# Eco-complete Substrate



## kastoner (Apr 21, 2008)

I have just ordered 3 bags of eco-complete substrate for my new tank. has anyone used this product? from what i"ve read it appears that it will be a good choice for my tank but I've never used anything but gravel and plastic plants before.


----------



## Bert H (Mar 2, 2004)

Eco is a fine product. It does tend to raise the kh of your tank for the first couple of months, so don't be surprised with that.


----------



## helgymatt (Sep 12, 2007)

Wonderful substrate. You will be very happy. I have it in both my 55 and 29 and along with good light, co2, and ferts my plans grow great!


----------



## kastoner (Apr 21, 2008)

I used a substrate calculator that I found in one of the threads and found that I didn't purchase enough and had to buy more. This can get pricey in a hurry. I hope I like the black substrate. It looks really good in books.


----------



## monkeyruler90 (Feb 27, 2008)

its really great when you're planting, it keeps the plants nice and tight. the only problem that i encountered with it was that i didn't get enough.

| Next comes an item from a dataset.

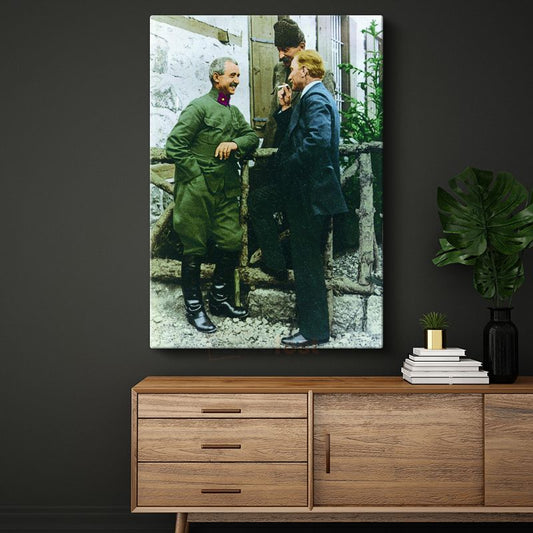 Tarihi Buluşma - Silah Arkadaşlarıyla Sohbet Kanvas Tablo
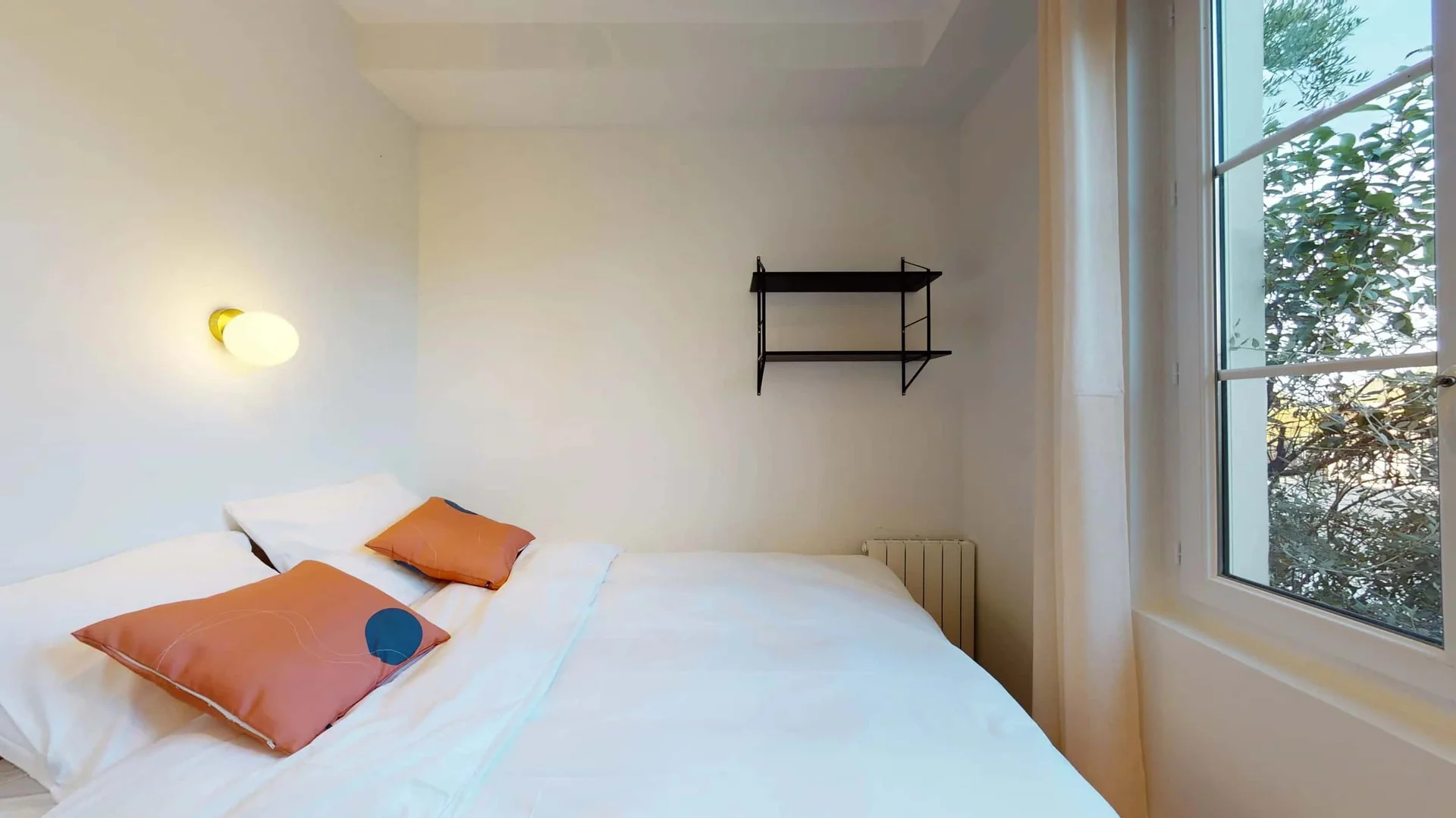 Bright and airy student room with easy university access in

depending on where you live it can get a bit pricey with the shipping and not alot of places sell it locally. but good luck, its an amazing substrate and you'll be totally satisfied


----------



## matt_vasko (May 1, 2008)

It is very expensive. I have a 55 gallon tank and I've actually mixed both eco complete and regular black gravel. It seem to have settled well and gave me a little bit more depth. But I'm worried its not enough. What is the recommend depth for a planted 55 gallon tank?
Matt


----------